== Your task ==
Your answer must be the exact lines below, starting with the line with "Güney Rıhtım İstasyonu: istasyonda" and going on through the line with "Motoryzacyjny spektakl w", both included, with no pictures.

== Input records ==
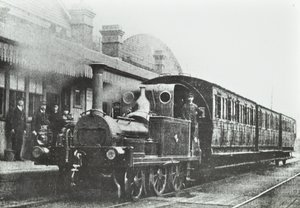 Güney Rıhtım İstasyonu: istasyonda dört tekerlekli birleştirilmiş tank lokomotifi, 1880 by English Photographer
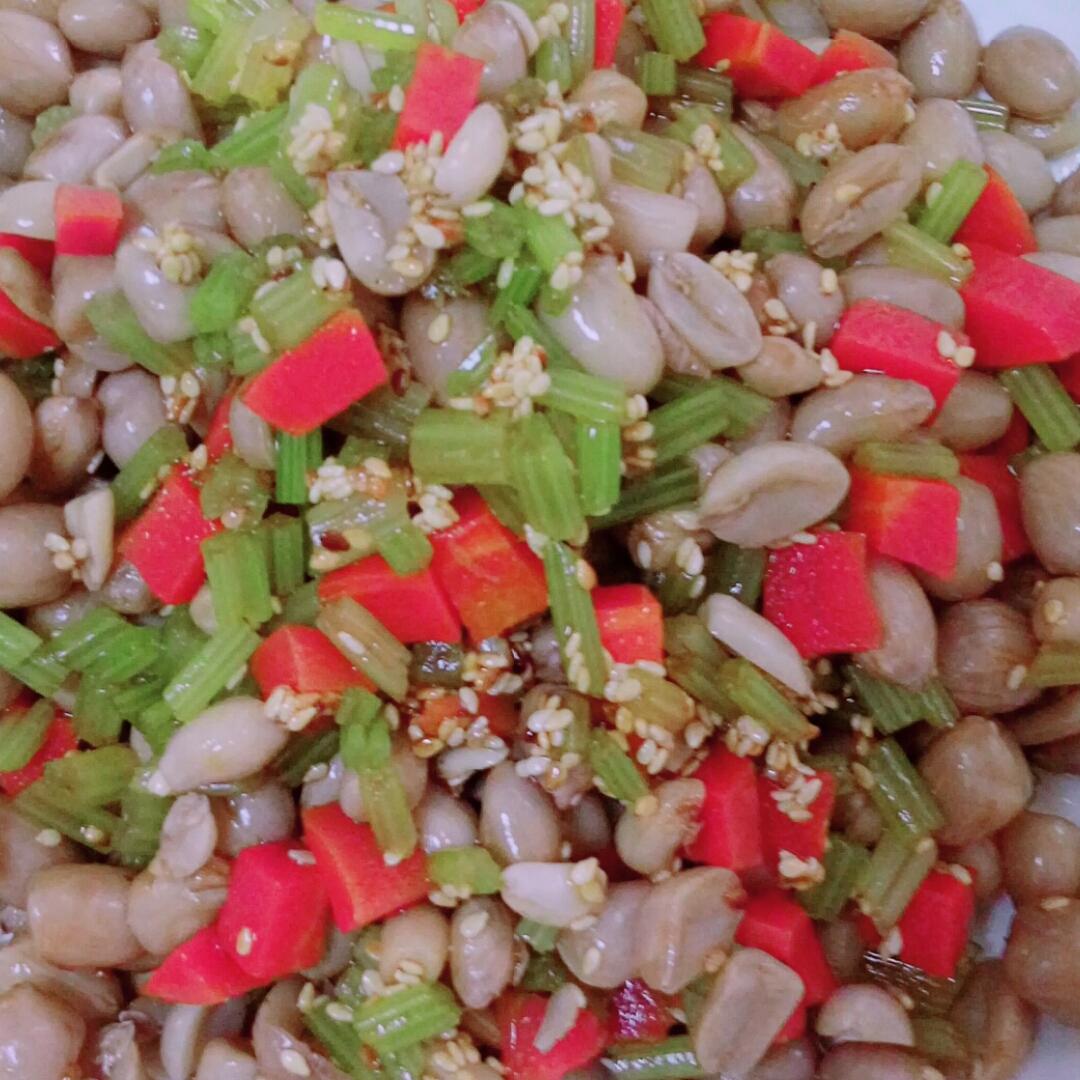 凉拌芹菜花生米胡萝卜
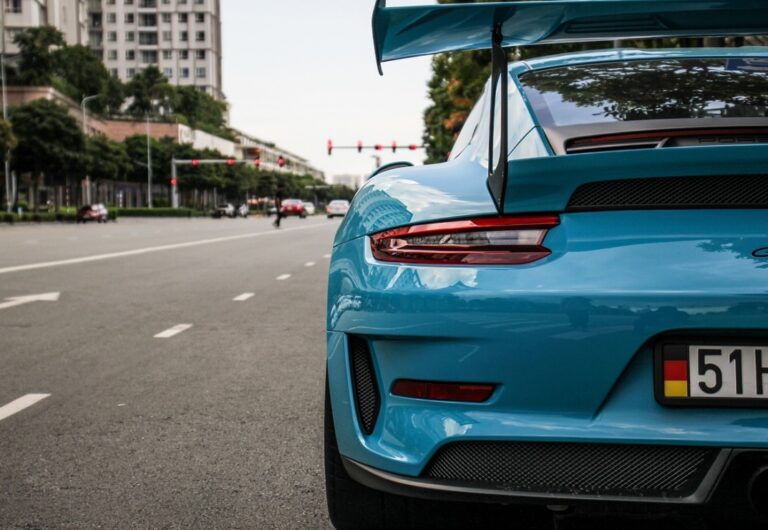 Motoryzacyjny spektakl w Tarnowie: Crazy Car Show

---

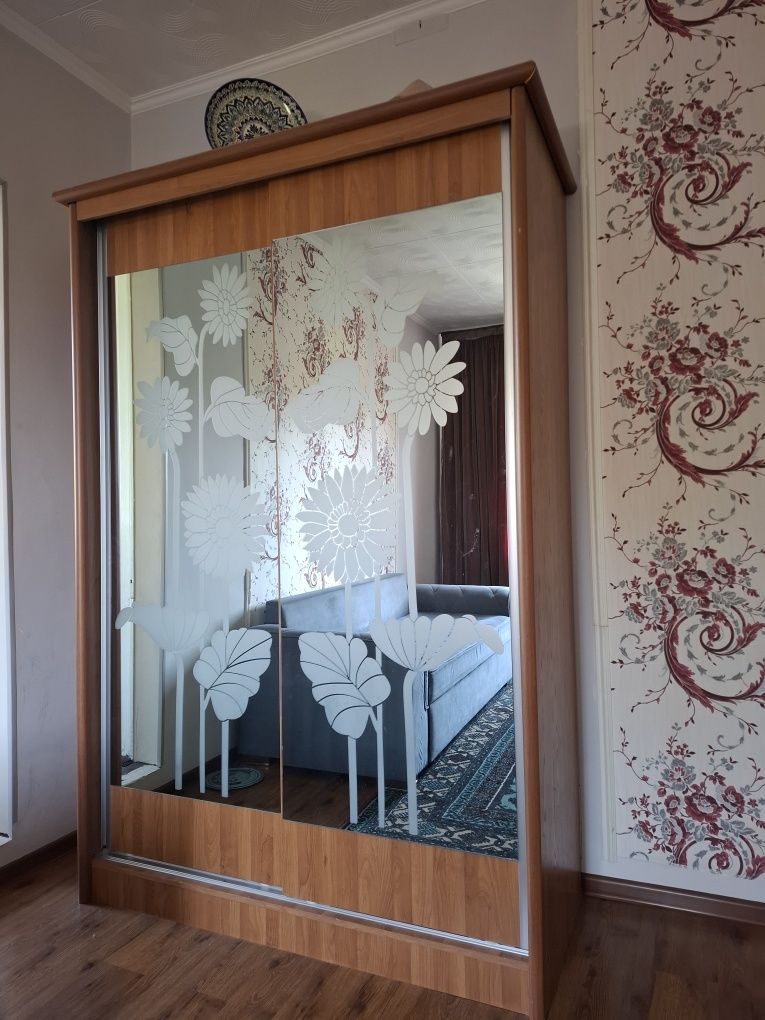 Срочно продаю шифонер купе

== Task output ==
 Güney Rıhtım İstasyonu: istasyonda dört tekerlekli birleştirilmiş tank lokomotifi, 1880 by English Photographer
 凉拌芹菜花生米胡萝卜
 Motoryzacyjny spektakl w Tarnowie: Crazy Car Show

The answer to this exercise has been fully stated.